Oct 15, 2020 Cedars-Sinai Staff
Proteins may help stop COVID-19
In the race to figure out how to detect and treat the novel coronavirus that engulfed the United States and the world in a matter of months, Cedars-Sinai scientists are looking to antibodies. These proteins develop after exposure to infection and usually provide immunity—protection against getting that disease again.
Multiple studies are exploring the role antibodies could play at every stage of dealing with COVID-19, including diagnosis, treatment and predicting the course of the disease.

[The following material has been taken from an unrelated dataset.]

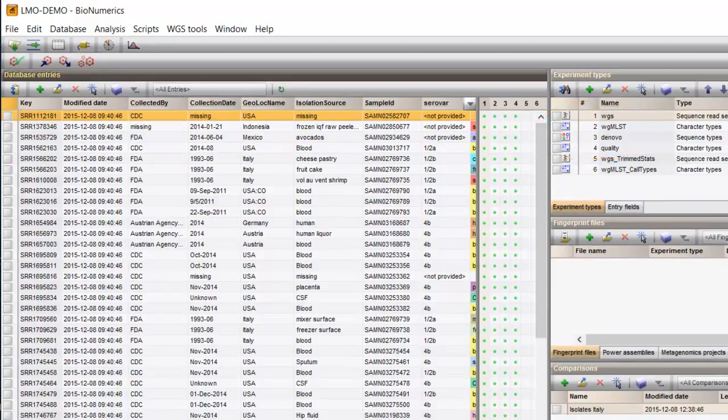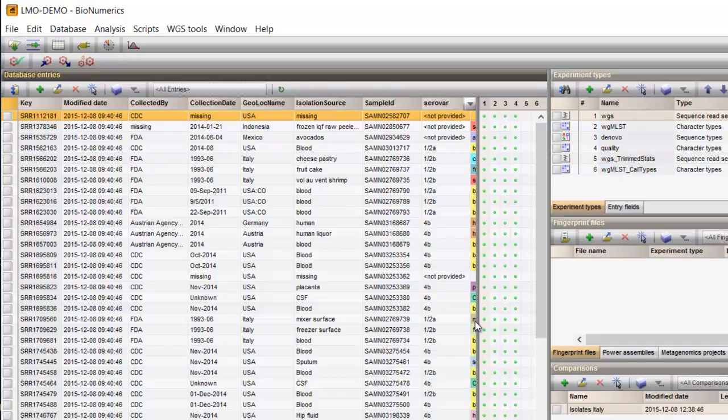Once you have the Whole Genome Sequence Tools plugin installed and have entered the correct settings for your calculation engine, performing an allele calling process is quite straightforward. Read sets may, but don't necessarily need to be imported in your Bionumerics database.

Cedars-Sinai is one of the lead sites participating in early trials using uniquely synthesized antibodies derived from one of the first patients to recover from COVID-19. The single-injection treatment aims to block the virus from entering cells, which would prevent it from replicating, says Peter Chen, MD, assistant director of the Women’s Guild Lung Institute and director of Pulmonary and Critical Care Medicine, who serves as principal investigator for the ongoing study at Cedars-Sinai. The experimental molecule was developed by Eli Lilly and Company.
“In this situation, we really are in a time crunch to find something that can help patients and help our society,” Chen says. “We’ve been approached to do many studies and we have to be strategic about which ones we adopt. This one excited me right away because the idea of using appropriate antibodies to neutralize the virus is very appealing and early laboratory studies were encouraging.”
Meanwhile, another project seeks to confirm the effectiveness of diagnostic swab tests in detecting COVID-19 by using blood tests that measure antibody levels. The virus tends to reside first in the nasal cavity but later may move to other parts of the body that a swab cannot reach.
“The probability of a false negative from the swab test is especially high among those who were symptomatic at home or in a nursing facility before they were admitted to the hospital,” says Anders Berg, MD, PhD, associate director of Clinical Chemistry and Core Laboratories.
Antibodies might also prove useful as biomarkers to help determine the course of treatment, Berg says. He and his colleagues are working to pinpoint whether the level of antibodies in the bloodstream could help identify patients who are not mounting an adequate immune response to the virus and are likely to require ventilator support. Antibody testing might also identify patients who would most benefit from antibody therapies or other antiviral medications.